*** Opening of Input ***
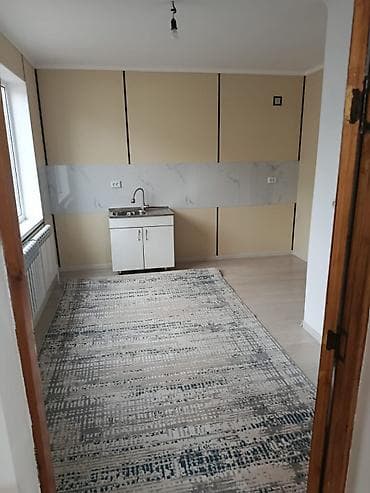 25000: 40 м², 2 комнаты — 2
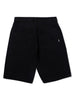 Huf Cromer Shorts Spring 2026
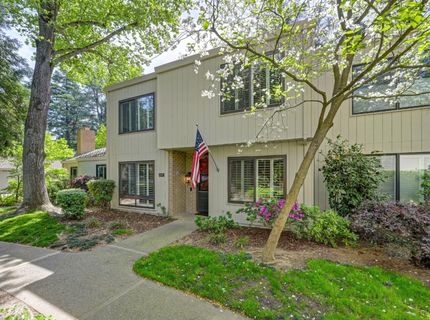 1257 Vanderbilt Way, Sacramento, CA 95825 Photo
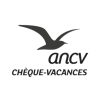 ANCV
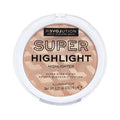 Relove highlighter super rose
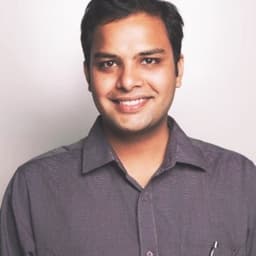 Rajat Dhallor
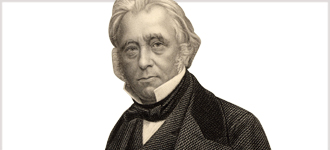 Making History: How Great Historians Interpret the Past - CD, digital audio course course image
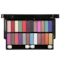 Fashion Colour Professional Makeup Kit - 01 Shade (209.3g)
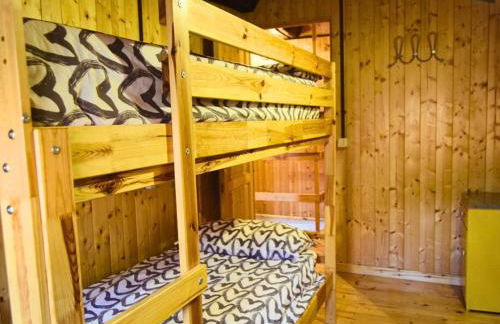 B&B Levigliani - Foto 30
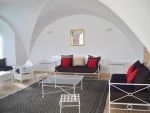 Appartement tamaris t al à hammamet route birbouregba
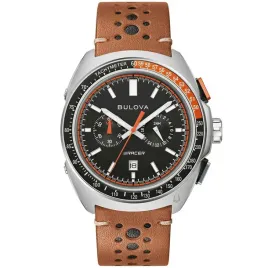 bulova-98b427-zegarek
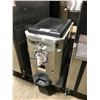 Image 2 : TAYLOR STAINLESS STEEL MODEL 430-12 SOFT SERVE MACHINE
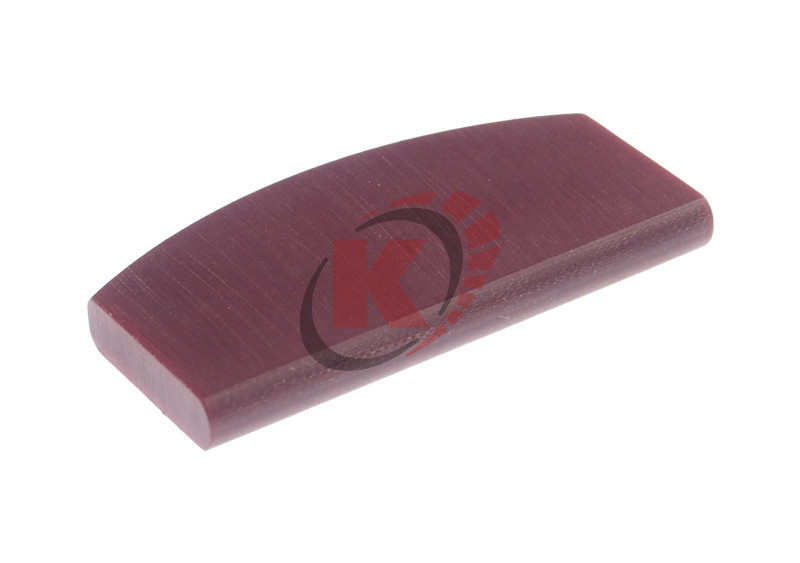 Ремкомплект 27 лопасть для пневмогайковерта (JTC-5813-27)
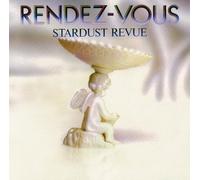 Stardust Revue - Rendez Vous [24bit]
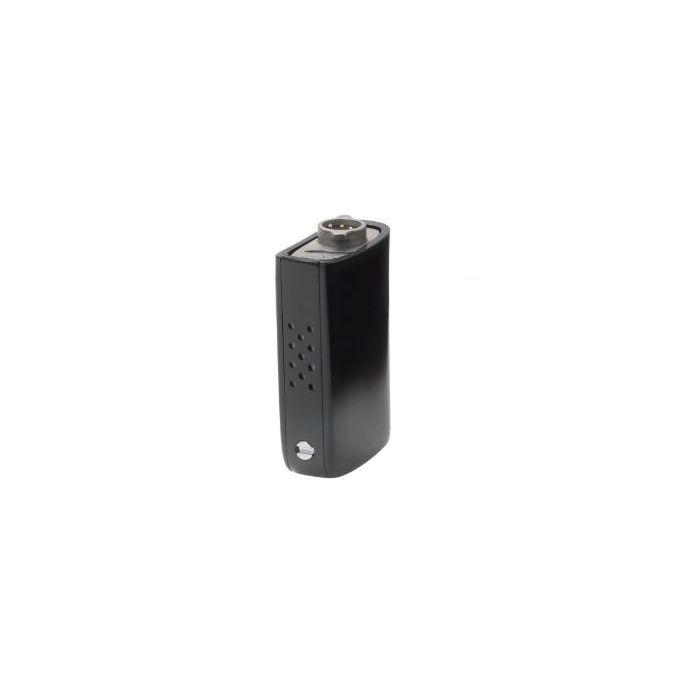 Cochlear CP900 Standard Tamper Resistant Battery Cover (Carbon) Z285977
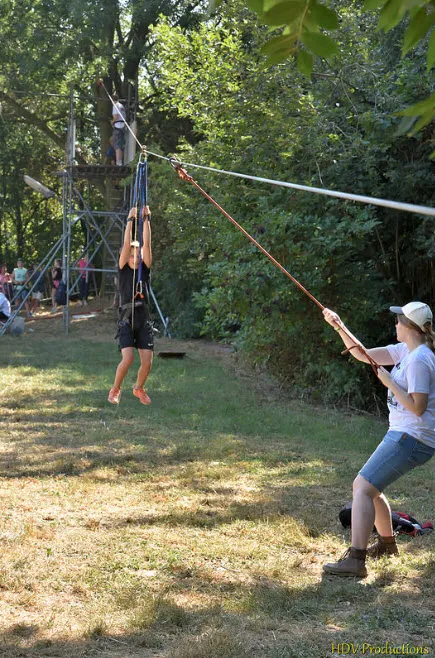 okie dokie wijchen 08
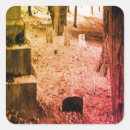 Search for graves stickers Cemetery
*** Close of Input ***
§ **What the task requires**: Lines before the one containing "Image 2 : TAYLOR" are not wanted; repeat that line and the rest of the listing exactly, leaving out pictures.

§ **Reply to the task**:
 Image 2 : TAYLOR STAINLESS STEEL MODEL 430-12 SOFT SERVE MACHINE
 Ремкомплект 27 лопасть для пневмогайковерта (JTC-5813-27)
 Stardust Revue - Rendez Vous [24bit]
 Cochlear CP900 Standard Tamper Resistant Battery Cover (Carbon) Z285977
 okie dokie wijchen 08
 Search for graves stickers Cemetery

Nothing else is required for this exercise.